• _Exercise_
Below are the records; print them again exactly and omit the pictures.

• _Source records_
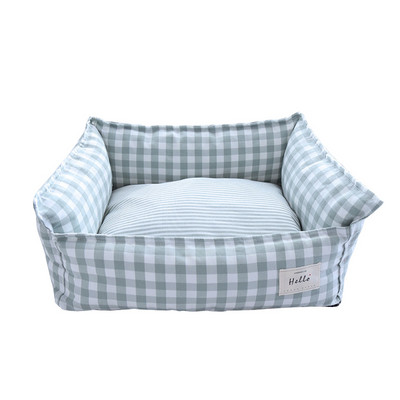 Pledinė tekstilinė lova šunims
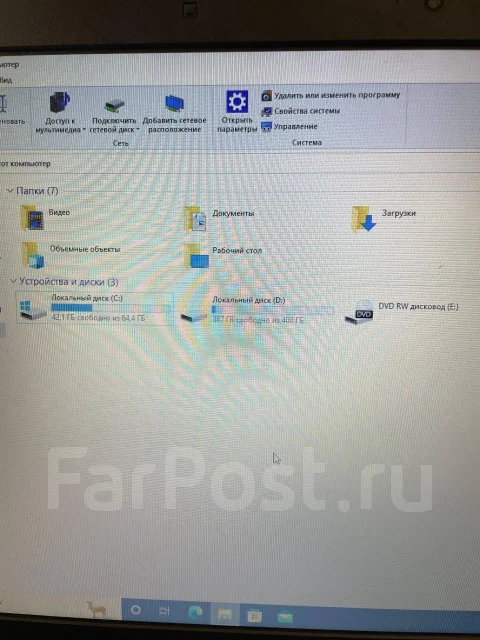 DEXP Atlas H101. 17.3", 2,4����, ��� 8 ��, ���� 500���, WiFi: 1, Bluetooth: 1 ����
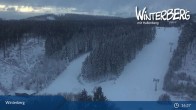 Archiv Foto Webcam Winterberg: St. Georg-Sprungschanze 16:00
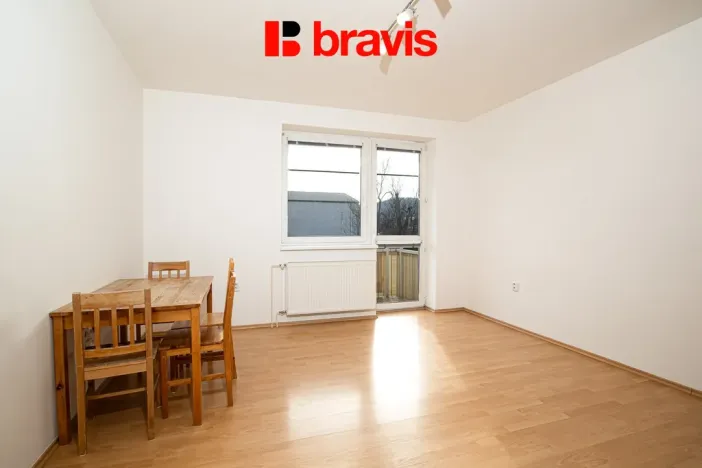 Pronájem bytu 2+kk, Brno, Kovařovicova, 61 m2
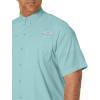 Columbia Men’s Tamiami II Short Sleeve Shirt(Moxie)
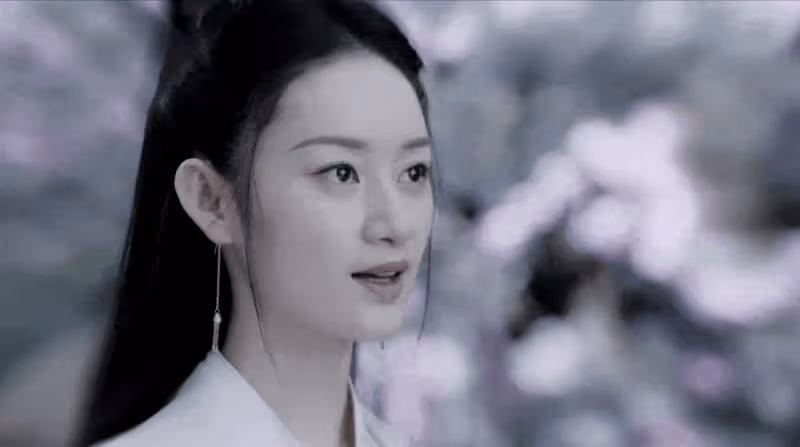 郭曉婷,終究逃不開苦相女星的怪圈,這四大女星的命運跟她一樣
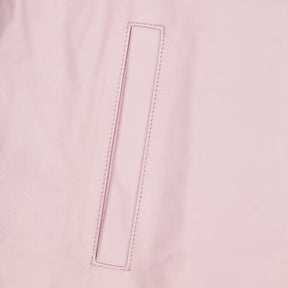 Hai Pink Leather Jacket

• _Response to the task_
 Pledinė tekstilinė lova šunims
 DEXP Atlas H101. 17.3", 2,4����, ��� 8 ��, ���� 500���, WiFi: 1, Bluetooth: 1 ����
 Archiv Foto Webcam Winterberg: St. Georg-Sprungschanze 16:00
 Pronájem bytu 2+kk, Brno, Kovařovicova, 61 m2
 Columbia Men’s Tamiami II Short Sleeve Shirt(Moxie)
 郭曉婷,終究逃不開苦相女星的怪圈,這四大女星的命運跟她一樣
 Hai Pink Leather Jacket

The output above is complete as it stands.